In carrying out the concept of a healthy diet, counting calories is not everything. Foods below contains calories high enough, but the nutritional value contained in them to keep them worthy of your consumption.
Nuts pistaschio
"Nuts gets a bad reputation because of the total fat content in it," says Erin Palinski-Wade, RD, author of Belly Fat for Dummies.
However, science also shows that the fat contained in nuts is the fat that is essential for health. Nearly 90 percent of the fat in pistachios come from unsaturated fat. It makes pistachios as one of the beans are low in calories.
"As a source of protein and fiber, pistachios can help you feel full throughout the day."
Plus, research shows that 1.5 ounces of nuts per day, combined with a diet low in saturated fat and cholesterol, said Palinski-Wade, can reduce the risk of heart disease.
Raisins
Some people are afraid to eat raisins for calories and sugar. However, Palinski-Wade said, raisins are a smart choice for a snack, and contain no added sugar.
New research shows that raisins can be an excellent snack for everyone, including people with diabetes type 2 (groups normally think they should avoid dried fruit).
"Consumption of raisins regularly showed a positive effect on glucose and systolic blood pressure of post-meal," said Palinski-Wade.
Only, be sure not to eat an excessive amount. About two tablespoons once consumption is enough.
coconut flour
Coconut flour did have a higher calorie count than other flour (a quarter cup contains about 120 calories).

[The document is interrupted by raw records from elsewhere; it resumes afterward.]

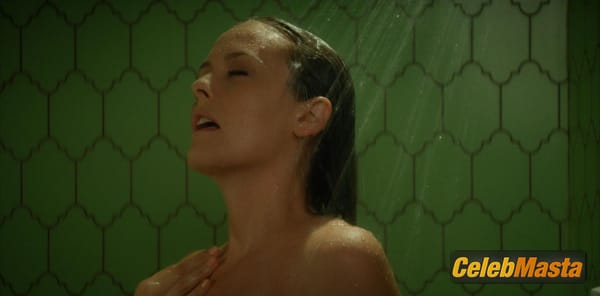 Alicia Silverstone Photo Gallery from American Woman photo 2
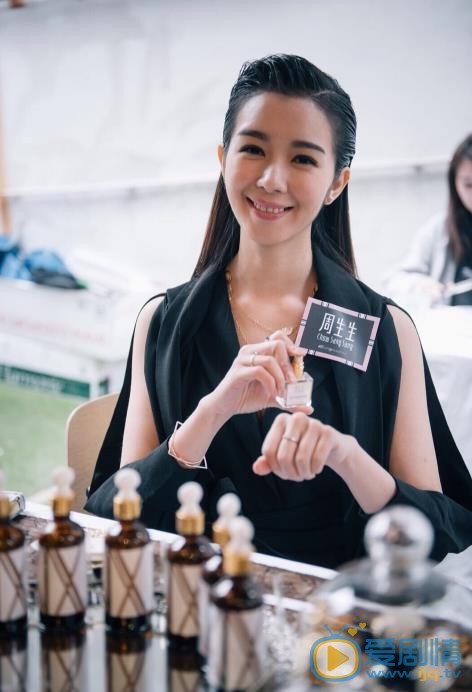 麦明诗现场照 麦明诗高清写真_麦明诗高清剧照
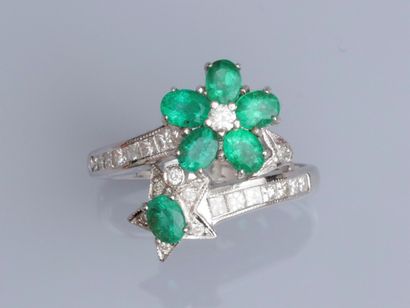 null 18K white gold ring with a flower, set with oval emeralds (about 1.40 ct) and...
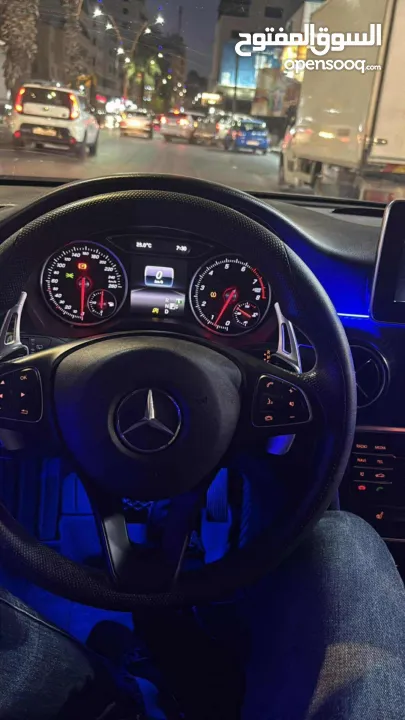 مارسيدس GLA200 - 2018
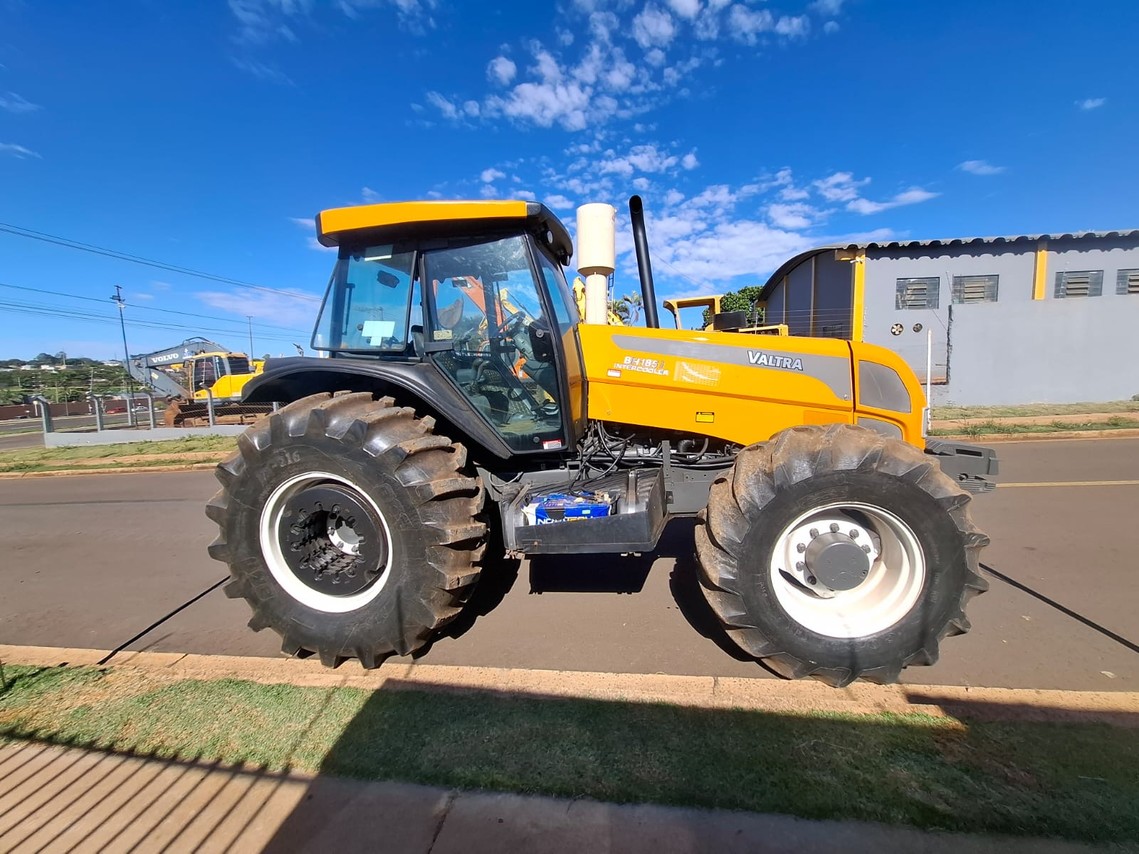 Valtra BH 185 - 10/10 12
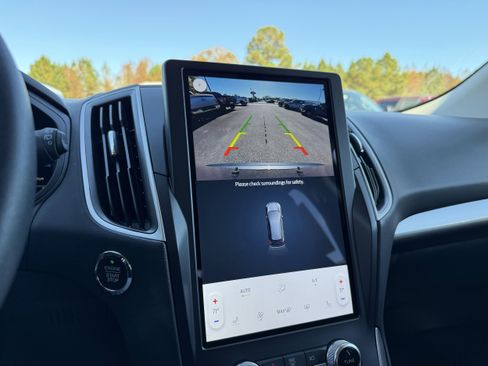 Certified 2024 Ford Edge SEL w/ Convenience Package image 18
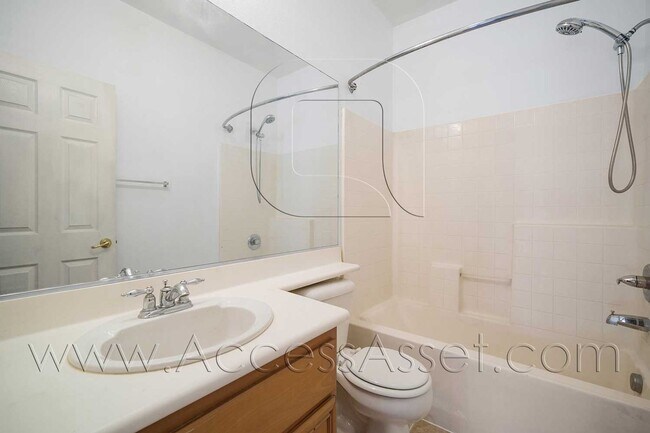 Building Photo - 3 Bed / 2.5 Bath Townhome | Open Layout + Modern Finishes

However, in the same dose, coconut flour also contains four grams of protein and 10 grams of fiber. That is, the coconut flour tends to not increase blood sugar levels as high as other flour.
In addition, protein, fiber, and healthy fats in coconut flour will help you full longer.
It does not matter if you want to eat one or two pieces of cake from coconut flour, especially, said Palinski-Wade, for those who need a gluten-free snack.
Olive oil
"Olive oil is rich in monounsaturated fat which is healthy for the heart and is a source of antioxidants," said Palinski-Wade.
Adding olive oil to your diet can help the absorption of certain nutrients, such as vitamins A and D. One tablespoon of olive oil per day is the recommended dose.
dark chocolate
"One ounce of dark chocolate (70 percent cocoa) contains about 160 calories, and dense in flavonoids that can improve your health," says Palinski-Wade.
Research shows that dark chocolate can lower blood pressure and cholesterol, as long as it is consumed in moderate amounts, ie one ounce per day.